Libarchive security update (CVE-2026-5121, CVE-2026-4424)
37829
06 July 2026
06 July 2026
CLOSED
HIGH
Varies
CVE-2026-5121, CVE-2026-4424
|
Brocade Security Advisory ID |
BSA-2026-3617 |
|
Component |
Libarchive |
|
|
|
Summary
CVE-2026-5121 - Title: Libarchive: libarchive: arbitrary code execution via integer overflow in iso9660 image processing
Description
A flaw was found in libarchive. On 32-bit systems, an integer overflow vulnerability exists in the zisofs block pointer allocation logic. A remote attacker can exploit this by providing a specially crafted ISO9660 image, which can lead to a heap buffer overflow. This could potentially allow for arbitrary code execution on the affected system.

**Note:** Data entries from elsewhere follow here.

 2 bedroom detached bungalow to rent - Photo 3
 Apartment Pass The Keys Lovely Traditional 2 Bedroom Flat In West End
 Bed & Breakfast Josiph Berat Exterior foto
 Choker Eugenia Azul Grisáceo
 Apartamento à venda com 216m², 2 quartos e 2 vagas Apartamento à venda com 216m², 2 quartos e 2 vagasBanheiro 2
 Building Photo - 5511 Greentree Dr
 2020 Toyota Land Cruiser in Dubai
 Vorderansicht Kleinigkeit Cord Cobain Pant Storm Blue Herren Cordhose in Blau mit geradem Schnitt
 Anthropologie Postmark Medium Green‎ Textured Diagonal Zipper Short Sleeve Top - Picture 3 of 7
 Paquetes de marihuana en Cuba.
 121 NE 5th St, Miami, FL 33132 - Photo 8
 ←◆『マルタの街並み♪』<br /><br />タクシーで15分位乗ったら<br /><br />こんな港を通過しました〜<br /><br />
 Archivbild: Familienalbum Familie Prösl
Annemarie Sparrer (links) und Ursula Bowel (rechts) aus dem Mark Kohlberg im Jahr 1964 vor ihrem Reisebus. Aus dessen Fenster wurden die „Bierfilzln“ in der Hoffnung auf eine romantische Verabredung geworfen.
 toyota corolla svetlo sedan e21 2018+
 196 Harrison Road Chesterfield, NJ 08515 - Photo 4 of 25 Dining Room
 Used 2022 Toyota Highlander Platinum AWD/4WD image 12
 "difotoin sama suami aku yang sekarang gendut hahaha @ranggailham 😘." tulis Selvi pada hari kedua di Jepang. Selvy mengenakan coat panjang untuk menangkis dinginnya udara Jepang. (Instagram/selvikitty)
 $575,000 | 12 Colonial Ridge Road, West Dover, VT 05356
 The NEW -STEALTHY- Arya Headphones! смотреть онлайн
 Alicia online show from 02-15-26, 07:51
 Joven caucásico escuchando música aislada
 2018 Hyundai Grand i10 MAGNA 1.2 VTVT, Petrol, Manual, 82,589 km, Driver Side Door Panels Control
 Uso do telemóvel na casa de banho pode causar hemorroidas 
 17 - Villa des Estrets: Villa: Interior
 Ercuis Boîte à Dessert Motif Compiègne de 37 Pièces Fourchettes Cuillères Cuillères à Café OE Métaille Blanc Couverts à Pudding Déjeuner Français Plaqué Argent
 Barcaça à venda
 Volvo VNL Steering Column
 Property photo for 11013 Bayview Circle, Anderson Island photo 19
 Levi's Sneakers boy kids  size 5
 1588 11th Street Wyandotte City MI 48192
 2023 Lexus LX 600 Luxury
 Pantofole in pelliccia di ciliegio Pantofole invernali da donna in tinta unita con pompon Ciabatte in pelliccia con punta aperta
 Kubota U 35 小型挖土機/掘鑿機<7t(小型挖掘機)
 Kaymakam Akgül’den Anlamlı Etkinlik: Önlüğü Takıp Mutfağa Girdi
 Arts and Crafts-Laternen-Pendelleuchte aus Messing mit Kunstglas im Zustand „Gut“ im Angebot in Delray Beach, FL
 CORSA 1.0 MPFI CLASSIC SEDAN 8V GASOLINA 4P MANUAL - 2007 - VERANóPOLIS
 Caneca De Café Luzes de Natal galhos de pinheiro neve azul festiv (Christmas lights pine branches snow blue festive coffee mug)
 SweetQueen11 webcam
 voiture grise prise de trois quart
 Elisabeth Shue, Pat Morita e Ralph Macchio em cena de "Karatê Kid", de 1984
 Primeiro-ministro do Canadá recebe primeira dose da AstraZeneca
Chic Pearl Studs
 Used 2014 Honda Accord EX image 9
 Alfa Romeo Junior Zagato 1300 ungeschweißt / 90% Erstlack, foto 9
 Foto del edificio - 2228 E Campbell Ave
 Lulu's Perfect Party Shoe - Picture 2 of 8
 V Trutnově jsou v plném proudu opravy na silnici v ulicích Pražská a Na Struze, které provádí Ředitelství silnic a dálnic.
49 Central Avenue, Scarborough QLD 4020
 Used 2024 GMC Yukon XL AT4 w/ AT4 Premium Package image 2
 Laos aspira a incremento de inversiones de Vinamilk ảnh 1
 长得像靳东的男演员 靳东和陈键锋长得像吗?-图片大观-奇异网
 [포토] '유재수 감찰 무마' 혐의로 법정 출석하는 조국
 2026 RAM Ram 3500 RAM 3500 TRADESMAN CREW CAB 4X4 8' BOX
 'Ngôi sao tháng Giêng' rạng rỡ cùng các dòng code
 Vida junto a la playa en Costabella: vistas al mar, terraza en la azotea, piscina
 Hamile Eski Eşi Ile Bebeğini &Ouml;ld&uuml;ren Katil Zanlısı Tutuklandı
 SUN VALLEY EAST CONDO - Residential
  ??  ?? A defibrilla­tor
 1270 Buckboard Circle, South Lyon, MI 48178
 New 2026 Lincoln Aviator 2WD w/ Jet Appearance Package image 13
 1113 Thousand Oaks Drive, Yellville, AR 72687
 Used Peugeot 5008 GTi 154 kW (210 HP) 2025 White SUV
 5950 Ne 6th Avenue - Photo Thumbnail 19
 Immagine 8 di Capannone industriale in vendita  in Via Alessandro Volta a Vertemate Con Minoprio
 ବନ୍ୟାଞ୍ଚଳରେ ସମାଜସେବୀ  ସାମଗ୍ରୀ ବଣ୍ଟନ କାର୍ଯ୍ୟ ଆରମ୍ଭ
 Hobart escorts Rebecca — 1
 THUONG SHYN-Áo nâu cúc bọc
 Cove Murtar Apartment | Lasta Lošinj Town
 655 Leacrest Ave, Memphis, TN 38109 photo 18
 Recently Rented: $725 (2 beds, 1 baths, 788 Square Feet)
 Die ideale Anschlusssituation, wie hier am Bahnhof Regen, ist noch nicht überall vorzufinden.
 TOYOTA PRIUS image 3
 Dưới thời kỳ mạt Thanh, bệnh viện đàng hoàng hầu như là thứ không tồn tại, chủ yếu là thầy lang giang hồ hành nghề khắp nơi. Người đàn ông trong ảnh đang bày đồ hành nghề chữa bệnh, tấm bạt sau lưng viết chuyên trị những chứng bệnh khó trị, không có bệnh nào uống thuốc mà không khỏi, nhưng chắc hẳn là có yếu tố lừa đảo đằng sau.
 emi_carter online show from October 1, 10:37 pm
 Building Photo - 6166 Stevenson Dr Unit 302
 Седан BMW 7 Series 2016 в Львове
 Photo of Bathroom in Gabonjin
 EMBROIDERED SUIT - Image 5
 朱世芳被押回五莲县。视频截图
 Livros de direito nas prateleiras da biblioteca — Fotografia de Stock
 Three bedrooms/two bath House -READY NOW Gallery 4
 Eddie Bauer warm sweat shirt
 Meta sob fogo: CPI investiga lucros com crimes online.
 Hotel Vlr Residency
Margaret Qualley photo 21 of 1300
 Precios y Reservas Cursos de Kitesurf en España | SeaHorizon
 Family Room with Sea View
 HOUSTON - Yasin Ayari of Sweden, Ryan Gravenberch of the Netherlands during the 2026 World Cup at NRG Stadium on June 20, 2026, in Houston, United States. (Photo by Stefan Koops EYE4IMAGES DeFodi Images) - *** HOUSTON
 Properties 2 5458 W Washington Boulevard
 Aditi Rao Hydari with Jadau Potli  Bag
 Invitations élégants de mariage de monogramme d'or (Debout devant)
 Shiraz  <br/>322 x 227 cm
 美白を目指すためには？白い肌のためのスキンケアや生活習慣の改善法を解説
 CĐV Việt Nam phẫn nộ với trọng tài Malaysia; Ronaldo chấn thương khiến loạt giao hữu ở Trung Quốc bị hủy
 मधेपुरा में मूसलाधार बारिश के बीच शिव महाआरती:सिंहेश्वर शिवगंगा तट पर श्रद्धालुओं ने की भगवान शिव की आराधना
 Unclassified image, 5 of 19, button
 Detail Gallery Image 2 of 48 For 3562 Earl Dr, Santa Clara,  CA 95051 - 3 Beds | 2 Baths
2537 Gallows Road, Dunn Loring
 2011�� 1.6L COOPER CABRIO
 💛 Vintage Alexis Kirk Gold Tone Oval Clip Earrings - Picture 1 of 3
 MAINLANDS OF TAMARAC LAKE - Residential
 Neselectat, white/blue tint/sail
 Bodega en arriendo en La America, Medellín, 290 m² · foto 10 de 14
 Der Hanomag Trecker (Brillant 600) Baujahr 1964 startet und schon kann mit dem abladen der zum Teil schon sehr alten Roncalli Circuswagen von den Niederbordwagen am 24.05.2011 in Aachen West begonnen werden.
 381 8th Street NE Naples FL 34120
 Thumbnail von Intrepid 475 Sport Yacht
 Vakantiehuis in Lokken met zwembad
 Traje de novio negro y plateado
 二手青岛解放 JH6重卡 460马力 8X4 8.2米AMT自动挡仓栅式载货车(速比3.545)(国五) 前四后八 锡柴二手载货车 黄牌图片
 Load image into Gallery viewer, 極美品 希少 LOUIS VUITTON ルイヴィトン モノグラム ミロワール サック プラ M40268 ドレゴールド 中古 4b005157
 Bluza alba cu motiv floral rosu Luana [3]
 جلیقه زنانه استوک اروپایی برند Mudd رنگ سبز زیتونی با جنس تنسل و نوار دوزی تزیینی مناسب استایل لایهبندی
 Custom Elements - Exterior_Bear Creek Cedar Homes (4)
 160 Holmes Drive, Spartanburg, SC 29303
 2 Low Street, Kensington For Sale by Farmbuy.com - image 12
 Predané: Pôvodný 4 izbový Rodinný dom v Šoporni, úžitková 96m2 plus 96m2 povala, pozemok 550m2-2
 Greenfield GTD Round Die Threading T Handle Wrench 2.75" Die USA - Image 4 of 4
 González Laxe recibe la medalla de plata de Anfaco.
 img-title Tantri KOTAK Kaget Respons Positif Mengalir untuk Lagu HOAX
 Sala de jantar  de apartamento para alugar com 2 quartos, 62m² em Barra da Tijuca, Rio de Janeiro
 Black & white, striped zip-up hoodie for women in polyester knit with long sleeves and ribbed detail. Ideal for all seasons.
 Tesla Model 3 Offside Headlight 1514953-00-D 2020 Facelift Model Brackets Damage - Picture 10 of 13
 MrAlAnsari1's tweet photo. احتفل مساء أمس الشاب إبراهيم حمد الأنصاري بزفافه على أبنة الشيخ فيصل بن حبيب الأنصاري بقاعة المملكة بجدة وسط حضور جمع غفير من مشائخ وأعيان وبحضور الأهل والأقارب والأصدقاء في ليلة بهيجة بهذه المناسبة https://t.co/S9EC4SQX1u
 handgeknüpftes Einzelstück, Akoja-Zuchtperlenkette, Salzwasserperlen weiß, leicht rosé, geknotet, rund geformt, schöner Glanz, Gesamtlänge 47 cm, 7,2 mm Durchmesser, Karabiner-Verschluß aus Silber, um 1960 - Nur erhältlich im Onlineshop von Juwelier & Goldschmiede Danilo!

CWE-190: Integer Overflow or Wraparound
Base Score 7.5 HIGH
CVSS:3.1/AV:N/AC:L/PR:N/UI:N/S:U/C:H/I:N/A:N
CVE-2026-4424 - Title: libarchive: information disclosure via heap out-of-bounds read in rar archive processing
Description
A flaw was found in libarchive. This heap out-of-bounds read vulnerability exists in the RAR archive processing logic due to improper validation of the LZSS sliding window size after transitions between compression methods. A remote attacker can exploit this by providing a specially crafted RAR archive, leading to the disclosure of sensitive heap memory information without requiring authentication or user interaction.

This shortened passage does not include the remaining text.